* _What is being asked_: Find the line with "Charmant Ferienhaus Bertrix" and the line with "Sommerpressen - Herouard Poster (Ecke)" in the entries below; output exactly those two lines, every line between them, and no others.

Records provided START

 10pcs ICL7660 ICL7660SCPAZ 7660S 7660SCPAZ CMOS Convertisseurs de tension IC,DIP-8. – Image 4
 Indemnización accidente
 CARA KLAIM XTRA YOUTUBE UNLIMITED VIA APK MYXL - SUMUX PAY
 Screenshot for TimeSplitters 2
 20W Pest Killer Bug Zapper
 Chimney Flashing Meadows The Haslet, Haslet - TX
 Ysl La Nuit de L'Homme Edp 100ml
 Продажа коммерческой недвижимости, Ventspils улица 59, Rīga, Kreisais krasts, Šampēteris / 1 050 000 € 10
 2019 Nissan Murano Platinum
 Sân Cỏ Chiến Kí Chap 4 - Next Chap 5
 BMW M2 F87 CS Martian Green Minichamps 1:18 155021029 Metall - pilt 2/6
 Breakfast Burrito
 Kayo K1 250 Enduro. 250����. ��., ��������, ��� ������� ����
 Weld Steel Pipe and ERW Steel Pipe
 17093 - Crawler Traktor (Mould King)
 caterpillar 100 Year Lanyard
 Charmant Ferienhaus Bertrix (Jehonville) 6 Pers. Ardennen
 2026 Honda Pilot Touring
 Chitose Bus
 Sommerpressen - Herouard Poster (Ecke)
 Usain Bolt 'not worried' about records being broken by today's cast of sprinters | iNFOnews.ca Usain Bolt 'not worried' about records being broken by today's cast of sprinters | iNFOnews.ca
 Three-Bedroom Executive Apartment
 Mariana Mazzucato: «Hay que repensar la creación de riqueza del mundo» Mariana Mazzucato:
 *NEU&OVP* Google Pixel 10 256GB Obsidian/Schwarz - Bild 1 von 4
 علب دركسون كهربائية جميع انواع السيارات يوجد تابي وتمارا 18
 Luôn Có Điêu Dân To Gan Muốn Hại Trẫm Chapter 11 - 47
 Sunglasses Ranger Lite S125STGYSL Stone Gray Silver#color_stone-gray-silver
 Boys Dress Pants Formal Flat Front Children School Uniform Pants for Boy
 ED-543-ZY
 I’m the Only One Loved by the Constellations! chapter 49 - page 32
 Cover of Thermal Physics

Records provided END

* _Reply_:
 Charmant Ferienhaus Bertrix (Jehonville) 6 Pers. Ardennen
 2026 Honda Pilot Touring
 Chitose Bus
 Sommerpressen - Herouard Poster (Ecke)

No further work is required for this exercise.